QUOTE (Selling up @ Nov 5 2007, 03:15 PM)

My intuition though is the the bottom will come much later and further down (2012? 40-50% real drops?) than most buyers expect, and anyone seeing a 5-10% drop as a buying opportunity is fairly likely to find further nasty surprises in store.

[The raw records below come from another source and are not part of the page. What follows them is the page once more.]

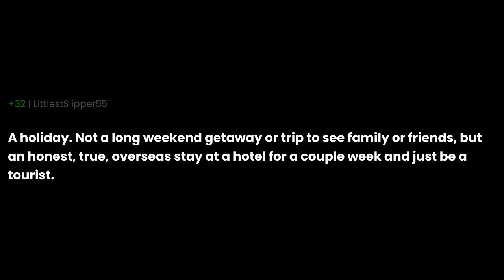A holiday. Not a long weekend getaway or trip to see family or friends, but an honest, true, overseas stay at a hotel for a couple week and just be a tourist.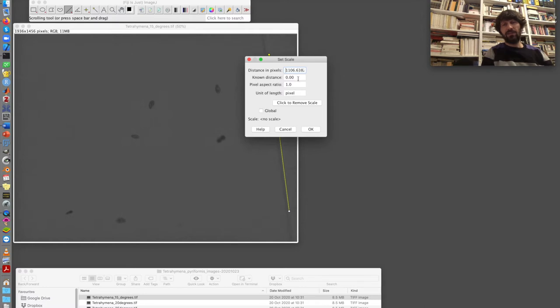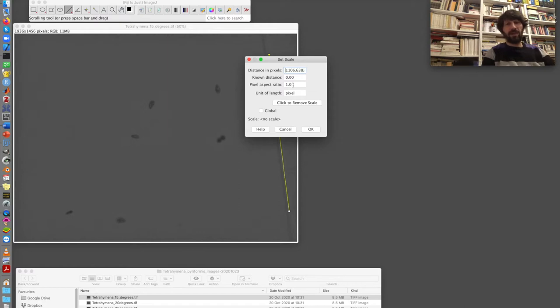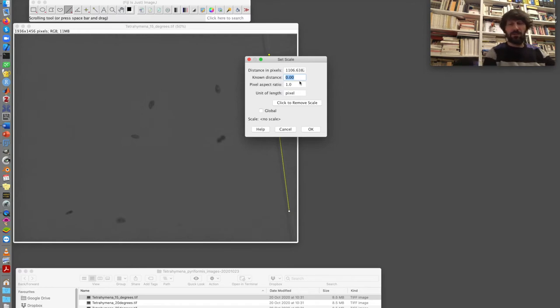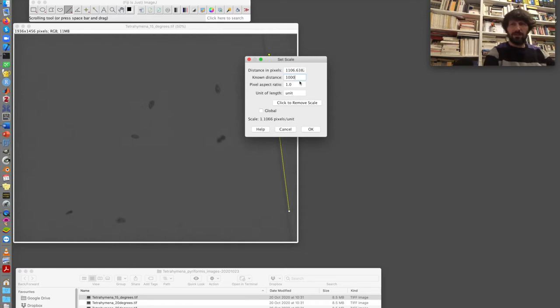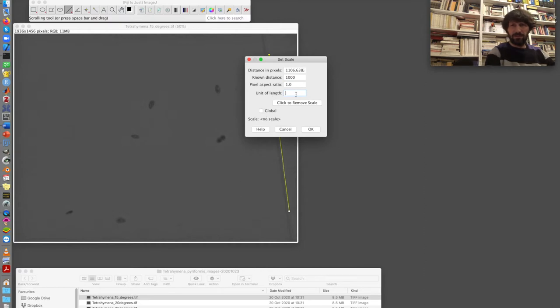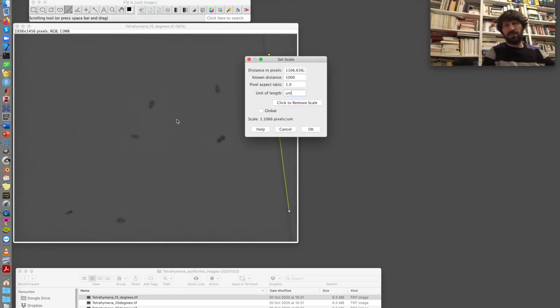I need to enter the length of the line in millimeters. But because Tetrahymenas are quite small, I prefer to use a smaller unit than the millimeter. So I will use micrometers. So I say that these 1,106 pixels are one millimeter, that is 1,000 micrometers. And the pixel aspect fraction is one because the scale is the same on the vertical and on the horizontal axis. And I set to global so that I keep the scale for the next image.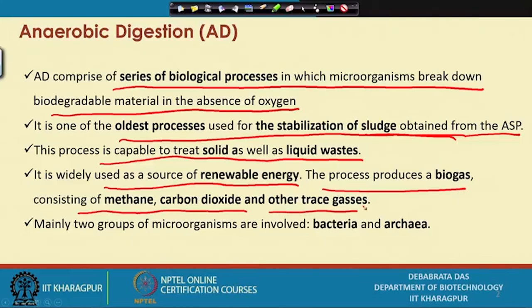The process produces biogas consisting of methane, carbon dioxide, and trace gases. In anaerobic fermentation, dissolved oxygen is not required. However, microorganisms still need oxygen for respiration and obtain it from compounds like sulfate, nitrate, and nitrite. When sulfate is used, it is converted to sulfide and ultimately to H2S. The presence of H2S is a problem for biogas pipelines as it can affect the material of construction, though it is only a trace amount.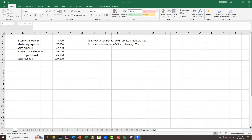This question asks you to create a multiple-step income statement for ABC Inc. following IFRS. It's right now December 31st, 2000X5, and we're given income tax expense $4,900, marketing expense $17,000, sales expense $22,700, administrative expense $49,100, cost of goods sold $75,600, and sales revenue of $189,000.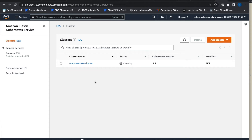We see that the creation of the EKS cluster has started. It takes 12 to 15 minutes for this EKS cluster to be created. Once the EKS cluster is created, the Nafio infra controller will deploy Config Sync in the EKS cluster and make it ready for workload orchestration. In the meanwhile, we can specify the workload intent.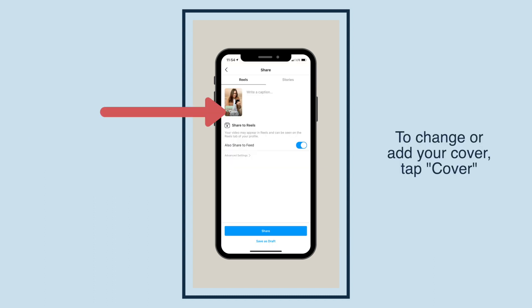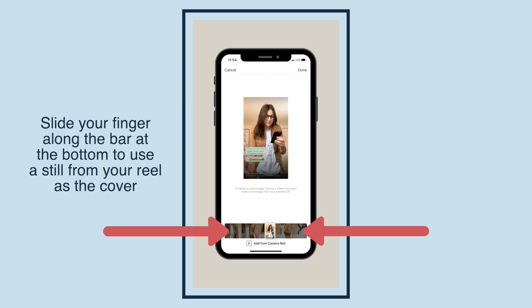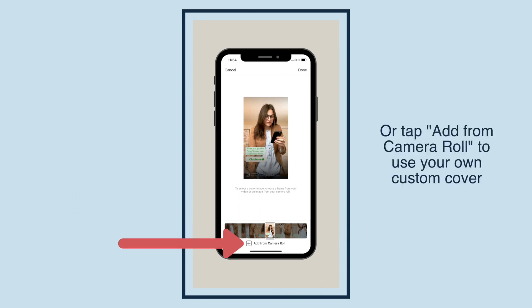To change or add your cover, tap Cover. Slide your finger along the bar at the bottom to use a still from your Reel as the cover.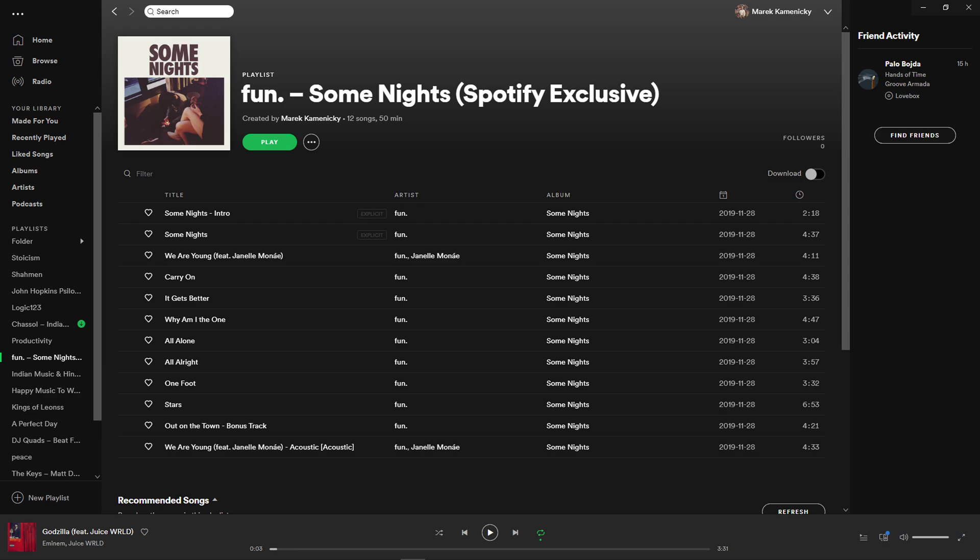Hey there guys, my name is Markus and in this video I'll show you a simple way how you can easily delete a Spotify playlist on PC. So let's start.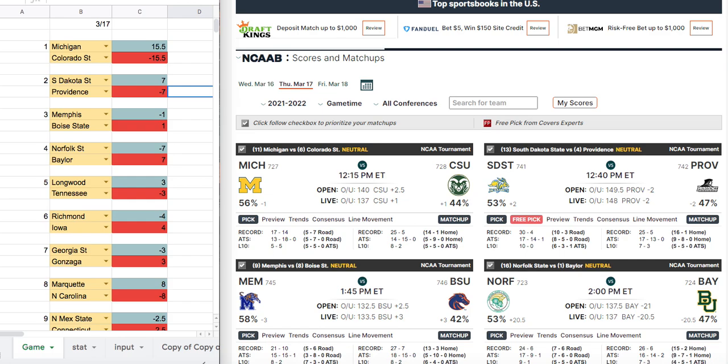Good morning, everybody. MG here. MG Covers bringing you a brand new sports handicapping video. The title of this video is March Madness Preview for March the 17th, 2022.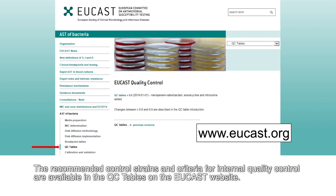The recommended control strains and criteria for internal quality control are available in the QC tables on the EUCAST website.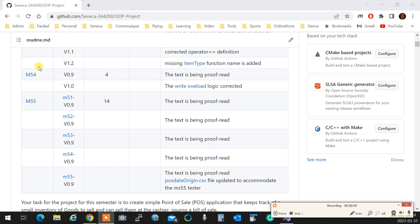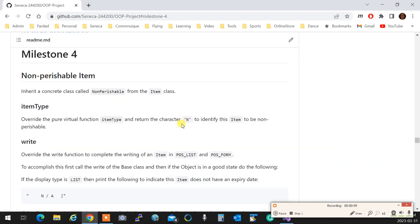Let's talk about Milestone 4. You are creating two classes out of the Item class. The implementation is very simple, that's why we have only four days for it. The first one is a NonPerishable - that's the minimum. A NonPerishable item is essentially an item with the only difference that it finalizes the write method. It doesn't have an expiry date, and the only thing you do to make it concrete is implement the pure virtual function itemType(), which returns the character 'n'.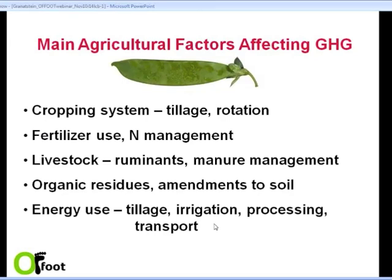Cropping systems, of course — both tillage and rotation. Fertilizer use, particularly, as David was mentioning, the management of nitrogen. Livestock in terms of ruminants and manure management associated with that. All the organic residues that we may be working with and amendments to soil. And then our energy use in terms of tillage, irrigation, processing, and transport.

Exactly - if you analyse the Nationwide figuress from the last crash then you see the big drops were in the first 3 years, where Q2 1989 was the peak:
Q2 '89 - Q2 '90 saw 5.24% Nominal and 13.59% Real falls
Q2 '90 - Q2 '91 saw 6.04% Nominal and 11.39% Real falls
Q2 '91 - Q2 '92 saw 4.97% Nominal and 8.73% Real falls
The final 3 years of the crash were much different though:
Q2 '92 - Q2 '93 saw 1.41% Nominal and 2.67% Real falls
Q2 '93 - Q2 '94 saw 1.07% Nominal and 3.54% Real falls
Q2 '94 - Q2 '95 saw 0.52%
Nominal rise and 2.83% Real fall
It's certainly worth looking at the market once the big drops are out of the way which could be 2010 at the earliest - after this I think prices will still fall in real terms by smaller amounts like last time, although for a bit longer to the absolute bottom. But the point is that it's probably not worth putting your life on hold until prices reach absolute bottom as you only get one life - another 3/6 years renting or living with your parents does'nt bear thinking about for most people.
Just avoid the really big falls, buy a house and then forget about house prices!